▶ _ACTIVITY_:
Leaving out all pictures, return exactly the lines from the one that contains "Xác Ướp Tỉnh Giấc The Rise of The Mummy" through the end of the data below.

++++ INFORMATION PROVIDED ++++

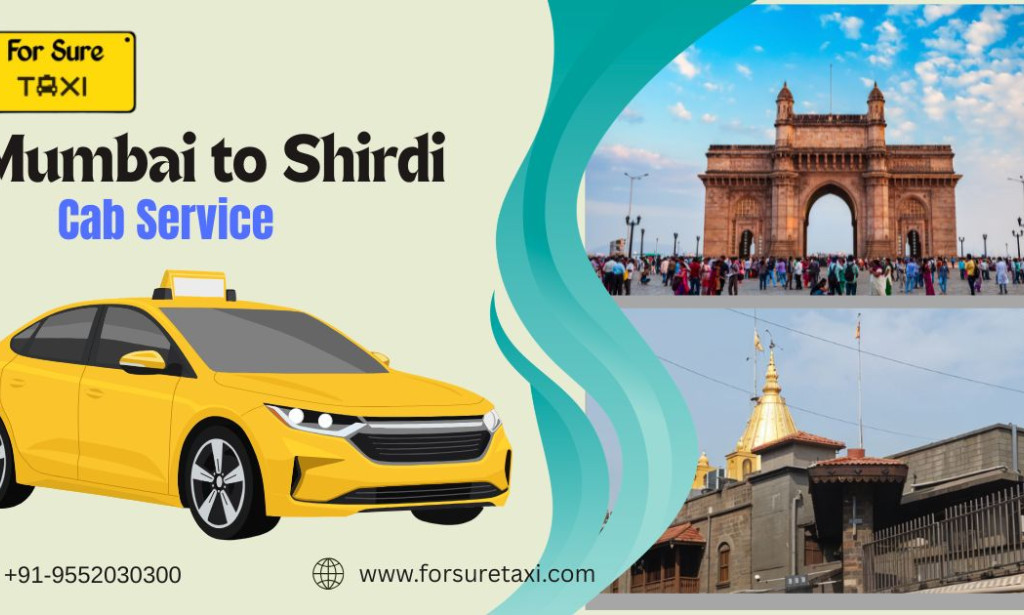 Top Reason to Book Mumbai to Shirdi Taxi with For Sure Taxi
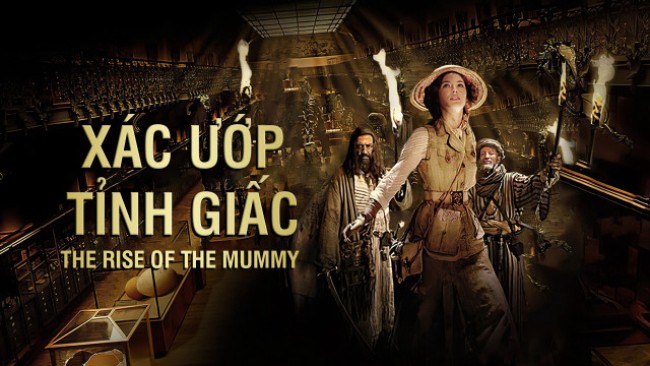 Xác Ướp Tỉnh Giấc The Rise of The Mummy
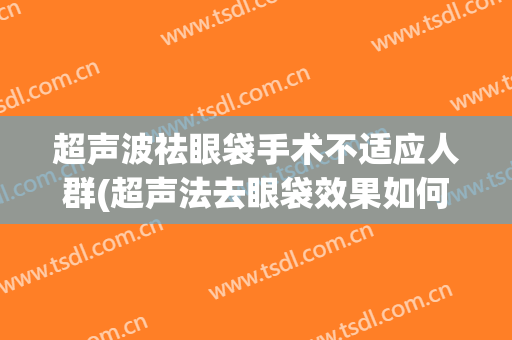 超声波祛眼袋手术不适应人群(超声法去眼袋效果如何?别的方法有吗)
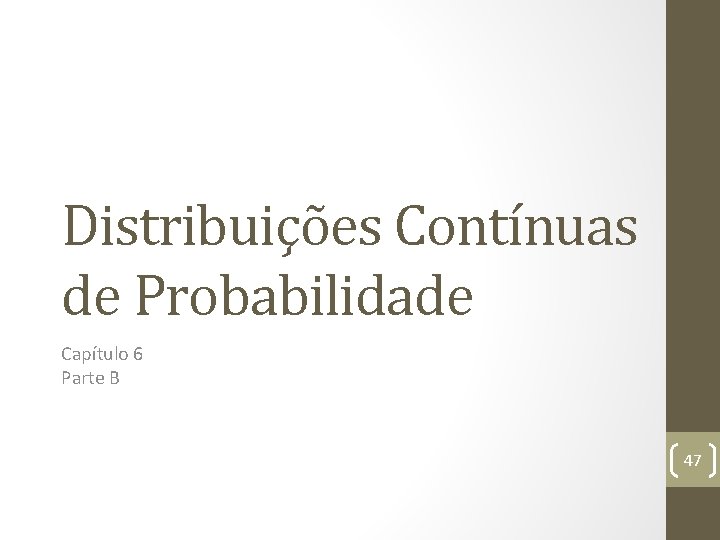 Distribuições Contínuas de Probabilidade Capítulo 6 Parte B 47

++++

▶ _SOLVED EXERCISE_:
 Xác Ướp Tỉnh Giấc The Rise of The Mummy
 超声波祛眼袋手术不适应人群(超声法去眼袋效果如何?别的方法有吗)
 Distribuições Contínuas de Probabilidade Capítulo 6 Parte B 47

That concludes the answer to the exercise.